According to a second-year HBS student we interviewed, Paul Marshall’s “Entrepreneurial Management in a Turnaround Environment” course is always oversubscribed, and the course description indicates that the class is designed for students who are interested in becoming “turnaround professionals,” being president or CEO of a company, joining a start-up or starting a search fund. The second year added that the primary reason for the course’s popularity, though, is Marshall himself, who has twice received the HBS Faculty Award from the RC (required curriculum, or first-year) class—in 1998 and 1999. In 2008, Marshall was named an honorary professor at Xiamen University in Xiamen, China.
Marshall has also been a practitioner, having served as chairman and CEO of Rochester Shoe Tree Company, managing the company during a four-year turnaround and implementing a major reorganization and cost reduction program—his leadership helped improve the company’s profitability in the face of declining sales.
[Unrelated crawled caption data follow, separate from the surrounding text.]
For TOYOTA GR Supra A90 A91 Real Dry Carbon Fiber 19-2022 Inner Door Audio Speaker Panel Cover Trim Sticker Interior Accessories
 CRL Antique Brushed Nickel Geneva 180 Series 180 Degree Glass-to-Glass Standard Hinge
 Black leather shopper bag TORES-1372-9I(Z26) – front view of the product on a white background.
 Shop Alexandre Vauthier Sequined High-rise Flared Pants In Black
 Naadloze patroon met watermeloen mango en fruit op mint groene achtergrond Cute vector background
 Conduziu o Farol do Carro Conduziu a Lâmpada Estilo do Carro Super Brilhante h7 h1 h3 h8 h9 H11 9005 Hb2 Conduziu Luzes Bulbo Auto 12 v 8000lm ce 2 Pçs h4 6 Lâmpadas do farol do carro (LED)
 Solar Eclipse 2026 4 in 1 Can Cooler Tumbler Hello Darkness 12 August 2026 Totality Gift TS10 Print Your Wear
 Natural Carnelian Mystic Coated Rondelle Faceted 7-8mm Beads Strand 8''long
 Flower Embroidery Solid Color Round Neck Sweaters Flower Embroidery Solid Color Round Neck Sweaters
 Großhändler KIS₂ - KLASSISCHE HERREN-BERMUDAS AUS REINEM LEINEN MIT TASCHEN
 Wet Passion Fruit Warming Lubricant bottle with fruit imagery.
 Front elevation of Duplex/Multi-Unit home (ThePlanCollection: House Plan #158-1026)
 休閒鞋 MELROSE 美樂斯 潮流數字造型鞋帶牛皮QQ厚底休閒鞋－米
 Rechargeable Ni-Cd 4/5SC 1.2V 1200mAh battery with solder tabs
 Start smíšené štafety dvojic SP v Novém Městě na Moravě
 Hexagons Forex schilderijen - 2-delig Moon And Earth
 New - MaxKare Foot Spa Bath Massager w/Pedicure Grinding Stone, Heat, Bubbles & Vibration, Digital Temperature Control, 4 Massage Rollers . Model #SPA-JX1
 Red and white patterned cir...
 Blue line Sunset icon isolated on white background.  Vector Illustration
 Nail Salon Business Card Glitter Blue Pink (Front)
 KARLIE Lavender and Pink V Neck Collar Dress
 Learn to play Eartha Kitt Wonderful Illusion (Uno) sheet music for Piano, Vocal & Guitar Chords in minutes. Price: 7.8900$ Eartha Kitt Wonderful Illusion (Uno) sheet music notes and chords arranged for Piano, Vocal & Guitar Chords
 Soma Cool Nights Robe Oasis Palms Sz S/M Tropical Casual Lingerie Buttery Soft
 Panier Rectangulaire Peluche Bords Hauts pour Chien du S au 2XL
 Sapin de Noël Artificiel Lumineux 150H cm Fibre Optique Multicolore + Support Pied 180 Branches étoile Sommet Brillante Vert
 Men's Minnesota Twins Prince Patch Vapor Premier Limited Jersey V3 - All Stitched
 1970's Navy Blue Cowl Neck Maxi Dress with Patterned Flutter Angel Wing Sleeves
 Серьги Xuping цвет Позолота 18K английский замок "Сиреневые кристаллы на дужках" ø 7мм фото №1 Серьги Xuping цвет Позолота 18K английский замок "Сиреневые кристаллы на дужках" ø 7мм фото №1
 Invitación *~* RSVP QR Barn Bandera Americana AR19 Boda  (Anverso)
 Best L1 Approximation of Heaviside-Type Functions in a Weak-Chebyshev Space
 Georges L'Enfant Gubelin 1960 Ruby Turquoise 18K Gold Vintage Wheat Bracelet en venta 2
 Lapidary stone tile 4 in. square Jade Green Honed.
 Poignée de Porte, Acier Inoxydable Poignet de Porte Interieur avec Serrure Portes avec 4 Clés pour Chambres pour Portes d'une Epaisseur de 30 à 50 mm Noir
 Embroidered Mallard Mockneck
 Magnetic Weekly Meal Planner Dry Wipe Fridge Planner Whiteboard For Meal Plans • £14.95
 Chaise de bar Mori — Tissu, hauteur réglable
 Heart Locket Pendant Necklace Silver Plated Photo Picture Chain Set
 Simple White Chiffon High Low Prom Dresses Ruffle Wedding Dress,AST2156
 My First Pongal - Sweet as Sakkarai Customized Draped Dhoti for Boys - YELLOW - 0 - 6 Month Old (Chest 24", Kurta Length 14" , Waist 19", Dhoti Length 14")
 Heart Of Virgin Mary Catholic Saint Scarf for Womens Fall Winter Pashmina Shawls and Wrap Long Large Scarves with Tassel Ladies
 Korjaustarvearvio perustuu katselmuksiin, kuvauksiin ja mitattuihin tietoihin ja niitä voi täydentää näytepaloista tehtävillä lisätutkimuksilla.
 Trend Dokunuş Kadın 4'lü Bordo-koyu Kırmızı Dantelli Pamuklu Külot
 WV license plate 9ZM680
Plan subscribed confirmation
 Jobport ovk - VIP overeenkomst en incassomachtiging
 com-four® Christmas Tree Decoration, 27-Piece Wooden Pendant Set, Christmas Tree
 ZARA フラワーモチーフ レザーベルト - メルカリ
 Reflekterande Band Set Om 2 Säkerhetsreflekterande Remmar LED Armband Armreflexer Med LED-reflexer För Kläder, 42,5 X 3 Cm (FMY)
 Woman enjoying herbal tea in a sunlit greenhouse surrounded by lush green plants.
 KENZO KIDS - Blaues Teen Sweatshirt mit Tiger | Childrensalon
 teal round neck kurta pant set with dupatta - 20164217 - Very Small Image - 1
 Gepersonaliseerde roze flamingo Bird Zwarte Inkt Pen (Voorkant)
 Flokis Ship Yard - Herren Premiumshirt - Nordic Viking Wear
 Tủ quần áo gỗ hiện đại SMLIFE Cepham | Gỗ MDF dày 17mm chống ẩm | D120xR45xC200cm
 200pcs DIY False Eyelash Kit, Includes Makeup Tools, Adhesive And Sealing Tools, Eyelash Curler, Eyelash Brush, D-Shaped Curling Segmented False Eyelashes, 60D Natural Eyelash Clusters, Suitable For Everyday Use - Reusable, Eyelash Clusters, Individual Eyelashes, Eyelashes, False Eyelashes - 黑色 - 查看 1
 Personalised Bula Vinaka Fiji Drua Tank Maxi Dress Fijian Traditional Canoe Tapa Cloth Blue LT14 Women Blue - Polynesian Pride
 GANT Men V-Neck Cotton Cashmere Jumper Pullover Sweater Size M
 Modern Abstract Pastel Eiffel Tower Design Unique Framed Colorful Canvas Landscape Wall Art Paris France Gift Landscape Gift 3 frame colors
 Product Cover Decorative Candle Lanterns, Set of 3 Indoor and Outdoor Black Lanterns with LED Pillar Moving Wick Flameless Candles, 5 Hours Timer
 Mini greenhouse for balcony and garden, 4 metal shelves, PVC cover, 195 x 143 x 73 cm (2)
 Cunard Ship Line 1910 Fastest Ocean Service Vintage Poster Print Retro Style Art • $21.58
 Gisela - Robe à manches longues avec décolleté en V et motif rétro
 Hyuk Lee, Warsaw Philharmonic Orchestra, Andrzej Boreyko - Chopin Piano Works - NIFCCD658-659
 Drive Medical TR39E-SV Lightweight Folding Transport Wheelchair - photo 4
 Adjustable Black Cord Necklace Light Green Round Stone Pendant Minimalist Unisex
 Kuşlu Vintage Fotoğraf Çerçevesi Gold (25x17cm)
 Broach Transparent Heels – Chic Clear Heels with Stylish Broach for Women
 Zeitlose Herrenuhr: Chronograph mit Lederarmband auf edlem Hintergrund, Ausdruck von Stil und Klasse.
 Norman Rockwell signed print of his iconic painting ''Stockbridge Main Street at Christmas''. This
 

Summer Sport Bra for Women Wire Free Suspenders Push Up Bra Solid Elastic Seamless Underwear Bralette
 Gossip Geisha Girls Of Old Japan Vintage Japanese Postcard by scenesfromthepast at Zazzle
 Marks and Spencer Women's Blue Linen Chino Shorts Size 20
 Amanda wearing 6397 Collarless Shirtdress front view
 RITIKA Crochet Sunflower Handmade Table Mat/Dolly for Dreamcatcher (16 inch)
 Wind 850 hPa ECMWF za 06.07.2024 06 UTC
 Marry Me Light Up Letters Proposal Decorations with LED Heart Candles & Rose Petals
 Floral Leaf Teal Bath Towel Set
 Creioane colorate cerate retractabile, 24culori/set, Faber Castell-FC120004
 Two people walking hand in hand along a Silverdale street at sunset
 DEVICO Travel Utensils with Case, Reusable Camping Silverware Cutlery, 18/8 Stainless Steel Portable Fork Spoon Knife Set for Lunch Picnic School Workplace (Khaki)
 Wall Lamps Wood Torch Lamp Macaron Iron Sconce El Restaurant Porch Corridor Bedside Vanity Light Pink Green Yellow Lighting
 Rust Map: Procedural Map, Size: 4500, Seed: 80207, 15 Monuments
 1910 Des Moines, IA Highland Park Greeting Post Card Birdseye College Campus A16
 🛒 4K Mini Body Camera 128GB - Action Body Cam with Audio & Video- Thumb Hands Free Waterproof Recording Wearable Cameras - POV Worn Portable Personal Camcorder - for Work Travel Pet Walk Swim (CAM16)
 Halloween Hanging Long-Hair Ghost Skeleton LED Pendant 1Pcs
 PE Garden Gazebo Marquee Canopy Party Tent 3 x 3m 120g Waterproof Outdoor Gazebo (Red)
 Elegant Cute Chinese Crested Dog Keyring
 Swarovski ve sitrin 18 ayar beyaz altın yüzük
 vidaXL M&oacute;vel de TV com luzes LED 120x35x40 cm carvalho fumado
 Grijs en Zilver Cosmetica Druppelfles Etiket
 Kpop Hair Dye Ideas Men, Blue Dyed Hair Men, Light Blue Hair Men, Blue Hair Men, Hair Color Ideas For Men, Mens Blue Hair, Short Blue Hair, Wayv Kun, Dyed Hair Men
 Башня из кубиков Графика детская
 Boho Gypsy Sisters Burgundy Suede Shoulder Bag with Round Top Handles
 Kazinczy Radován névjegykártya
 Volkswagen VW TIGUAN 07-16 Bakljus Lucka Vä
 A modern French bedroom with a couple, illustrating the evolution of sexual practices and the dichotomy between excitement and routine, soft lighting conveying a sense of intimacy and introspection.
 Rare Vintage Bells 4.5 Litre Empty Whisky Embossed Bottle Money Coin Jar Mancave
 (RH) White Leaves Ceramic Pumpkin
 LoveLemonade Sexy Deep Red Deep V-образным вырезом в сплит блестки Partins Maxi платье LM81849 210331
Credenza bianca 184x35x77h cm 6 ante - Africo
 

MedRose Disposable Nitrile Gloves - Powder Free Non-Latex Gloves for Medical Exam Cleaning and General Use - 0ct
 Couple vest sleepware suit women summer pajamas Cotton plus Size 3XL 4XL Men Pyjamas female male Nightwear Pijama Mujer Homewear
Students find his course so enjoyable because, according to one second year with whom we spoke, Marshall “tells it like it is.” The first half of the course is very numbers intensive, but the second half introduces cases that focus on issues of strategy and people leadership in turnaround situations. Marshall has also served as course head for the RC class “The Entrepreneurial Manager” and taught the EC (elective curriculum, or second-year) course “Running and Growing the Small Company.”